On being mobbed

The account of an ongoing bid to harass a legal tenant out of her Seattle neighborhood


Infrastructure crimes: Mobbing with interference; extraction by heat (part 3)

In which speaker crimes give way to crimes of infrastructure

It didn’t start all at once. It didn’t start that way for me. I remember picking up the phone to make a call, the voices of the south mobbing house owner and his then-girlfriend popping up. “Oh! It must be a party line!” they exclaimed, giggling and tittering between themselves. I remember the odd way they came on the line. It sounded like a recording on playback.

The opening shots in the mobbing employed the pretext of innocent errors or accidents of technology. The mobbers’ curtain might be pulled back more easily for those with a bit of awareness of how early hackers phone-phreaked Ma Bell, as I mentioned a few years back (Minimize attack surface by inhibiting function, Radiohead: Cell phones are radios; mobbing is radio-based harassment (part 2)). But having some inkling of what mobbers do or how they do what they do doesn’t stop them from doing it, not without a responsive and savvy police department whose officers don’t ignore what they don’t understand. The mobbers took my devices one or two at a time, almost as though they were testing for my response or watching to learn what they’d have to do and how far they’d have to go, as though they sought to mitigate risk while taking it. The cordless phone may have been the easiest way in.

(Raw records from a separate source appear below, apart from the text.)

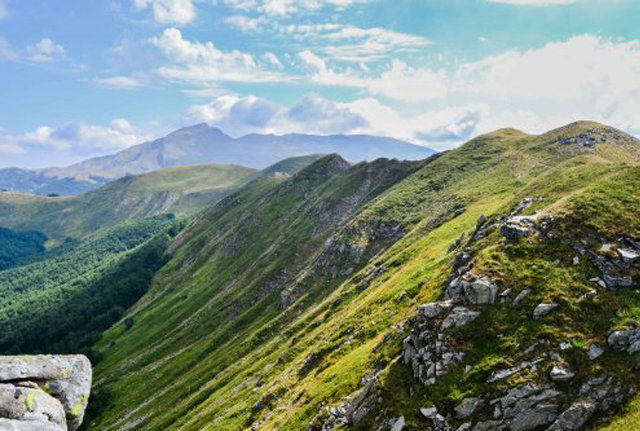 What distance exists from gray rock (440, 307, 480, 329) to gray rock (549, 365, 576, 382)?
7.44 metres

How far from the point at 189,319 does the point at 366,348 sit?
150 m

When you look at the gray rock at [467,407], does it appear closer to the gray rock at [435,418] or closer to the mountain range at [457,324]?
the mountain range at [457,324]

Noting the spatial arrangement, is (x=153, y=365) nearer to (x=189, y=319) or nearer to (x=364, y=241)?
(x=189, y=319)

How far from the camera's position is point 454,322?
113 feet

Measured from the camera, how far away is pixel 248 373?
305ft

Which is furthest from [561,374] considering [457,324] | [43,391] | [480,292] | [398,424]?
[43,391]

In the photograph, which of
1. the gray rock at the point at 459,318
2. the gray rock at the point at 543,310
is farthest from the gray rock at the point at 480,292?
the gray rock at the point at 543,310

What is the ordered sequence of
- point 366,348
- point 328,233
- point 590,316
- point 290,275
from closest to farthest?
point 590,316 → point 366,348 → point 290,275 → point 328,233

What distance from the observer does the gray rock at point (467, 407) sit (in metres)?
28.8

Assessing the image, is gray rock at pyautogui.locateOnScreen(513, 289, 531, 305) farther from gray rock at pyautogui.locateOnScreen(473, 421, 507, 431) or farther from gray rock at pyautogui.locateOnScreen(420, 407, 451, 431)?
gray rock at pyautogui.locateOnScreen(420, 407, 451, 431)

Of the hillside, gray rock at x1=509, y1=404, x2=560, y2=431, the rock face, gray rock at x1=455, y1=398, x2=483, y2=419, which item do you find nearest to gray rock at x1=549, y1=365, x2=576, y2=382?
the hillside

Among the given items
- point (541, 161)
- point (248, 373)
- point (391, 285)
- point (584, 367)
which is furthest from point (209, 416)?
point (541, 161)

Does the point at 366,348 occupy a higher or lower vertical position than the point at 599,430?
lower

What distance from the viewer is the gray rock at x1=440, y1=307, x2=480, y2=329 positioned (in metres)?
34.4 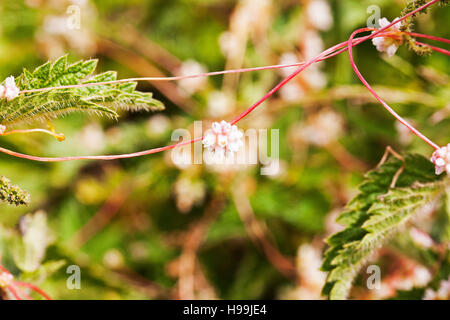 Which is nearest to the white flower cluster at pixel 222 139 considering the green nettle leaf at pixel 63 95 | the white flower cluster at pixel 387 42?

This was one of the first signs that signal hacking was in play. Cordless phones use radios to transmit. Over the years a number of frequencies have been allocated for their use, including the 2.4GHz band extended in 1998. As WiFi took hold and the noise increased on the band, the 5.8GHz band was allocated for the use of cordless phones in 2003. I don’t know what frequency was used by the cordless phone that the south mobbing house owner and his cronies made into a party line; I disconnected it and threw it into a bag in the garage.

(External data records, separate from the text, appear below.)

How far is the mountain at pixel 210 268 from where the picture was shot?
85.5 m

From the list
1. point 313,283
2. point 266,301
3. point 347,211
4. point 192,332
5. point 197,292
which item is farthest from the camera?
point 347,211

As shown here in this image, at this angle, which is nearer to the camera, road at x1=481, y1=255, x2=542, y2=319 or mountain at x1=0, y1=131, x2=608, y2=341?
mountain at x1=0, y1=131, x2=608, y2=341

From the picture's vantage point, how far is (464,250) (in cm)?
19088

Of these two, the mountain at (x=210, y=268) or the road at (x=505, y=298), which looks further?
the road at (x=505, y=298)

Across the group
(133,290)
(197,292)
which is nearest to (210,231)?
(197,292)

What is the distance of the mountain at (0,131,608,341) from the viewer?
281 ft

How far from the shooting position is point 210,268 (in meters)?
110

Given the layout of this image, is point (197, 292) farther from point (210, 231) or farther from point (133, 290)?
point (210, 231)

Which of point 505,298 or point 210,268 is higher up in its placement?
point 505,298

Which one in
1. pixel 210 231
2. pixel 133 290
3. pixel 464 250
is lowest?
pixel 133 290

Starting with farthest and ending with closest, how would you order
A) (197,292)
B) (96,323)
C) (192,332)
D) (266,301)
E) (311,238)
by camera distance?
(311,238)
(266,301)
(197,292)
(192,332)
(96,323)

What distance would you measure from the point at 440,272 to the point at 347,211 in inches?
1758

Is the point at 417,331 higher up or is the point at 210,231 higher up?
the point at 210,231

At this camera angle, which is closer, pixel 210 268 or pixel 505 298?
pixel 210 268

The mobbers use any device that will transport a pressure wave. These days since I started sleeping in the concrete-lined basement story, they even seem to play with the water table. Mobbers use devices of many kinds to interfere with property rights and lease rights too, whether implemented in strategy or on the hardware level. But one way or another, in the garden or under the foundation, the goal of these incursions is encroachment. Manspreading is one way to get there.

Ω

Manspreading at the network edge

Protocol capabilities are an important consideration in mobbing strategy and in the selection of a mobbing device. This is true whether the device is mobile, onsite at the enterprise, or installed over the property line. But without connectivity, protocols can’t handshake. You need to handshake to create a communication channel. Even a smartphone requires a connection.

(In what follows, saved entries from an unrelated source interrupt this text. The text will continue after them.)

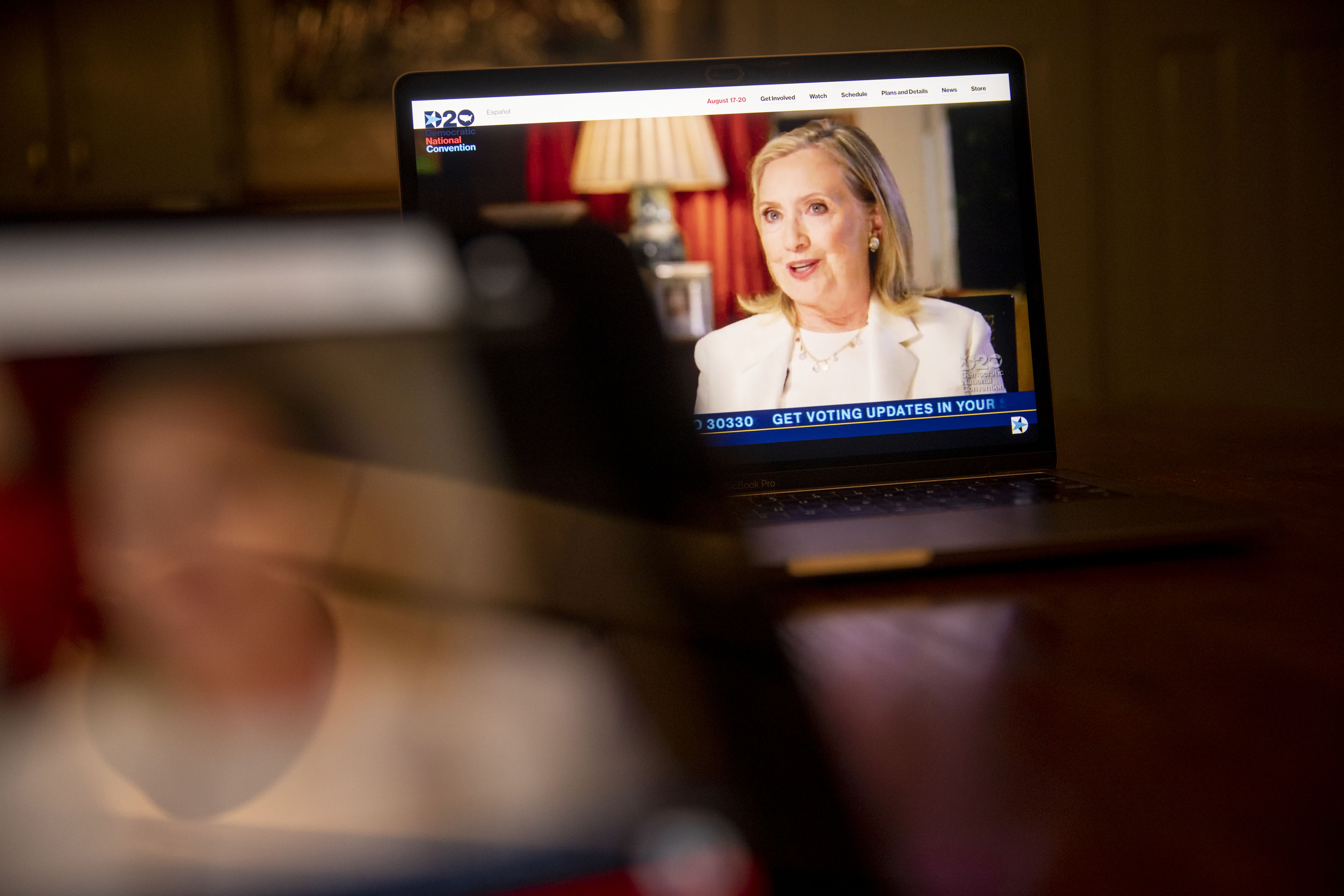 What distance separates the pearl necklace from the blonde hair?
20 millimetres

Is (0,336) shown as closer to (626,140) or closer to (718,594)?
(718,594)

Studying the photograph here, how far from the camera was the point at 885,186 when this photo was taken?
26.6 inches

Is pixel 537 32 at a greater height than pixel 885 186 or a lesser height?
greater

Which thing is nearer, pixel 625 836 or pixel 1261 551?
pixel 625 836

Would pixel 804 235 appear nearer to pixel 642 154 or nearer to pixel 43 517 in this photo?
pixel 642 154

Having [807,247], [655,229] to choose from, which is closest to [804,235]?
[807,247]

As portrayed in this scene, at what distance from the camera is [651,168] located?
0.67 m

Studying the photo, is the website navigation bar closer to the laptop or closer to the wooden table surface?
the laptop

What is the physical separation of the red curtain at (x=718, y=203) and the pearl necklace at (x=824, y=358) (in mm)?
53

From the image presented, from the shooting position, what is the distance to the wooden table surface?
9.0 inches

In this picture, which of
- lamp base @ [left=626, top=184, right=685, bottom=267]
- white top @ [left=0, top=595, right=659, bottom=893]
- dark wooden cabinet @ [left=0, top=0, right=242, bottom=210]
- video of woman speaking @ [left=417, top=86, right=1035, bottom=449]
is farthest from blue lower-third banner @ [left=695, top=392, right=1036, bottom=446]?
dark wooden cabinet @ [left=0, top=0, right=242, bottom=210]

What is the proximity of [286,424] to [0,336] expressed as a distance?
86 mm

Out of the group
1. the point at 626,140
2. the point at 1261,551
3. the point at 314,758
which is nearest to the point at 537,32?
the point at 626,140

In mobbing, connectivity is access—access to the property to be acquired, to the network of the victim, and to the victim herself. Beamformers shape network packets; you need throughput to get them there. When an adverse possession lawsuit isn’t tenable or the ground war is stalled, mobbers lift-and-shift to the network. This is how they stake their claim.

Mobbers get over the property line with dirty trickery and intimidation; forklifting to the network gives racketeers a long leg-up and modernizes forced eviction into a data-driven network application with programmatic interfaces. A pattern of harassment becomes a system and the system increasingly autonomous. With the use of radio frequency (RF) and RF interference, the mobbers’ shell game is ablated into an abstraction layer that acts as a layer of obfuscation. The mobbers’ black cloud is rendered invisible in a way that physical sabotage of the victim dwelling is not.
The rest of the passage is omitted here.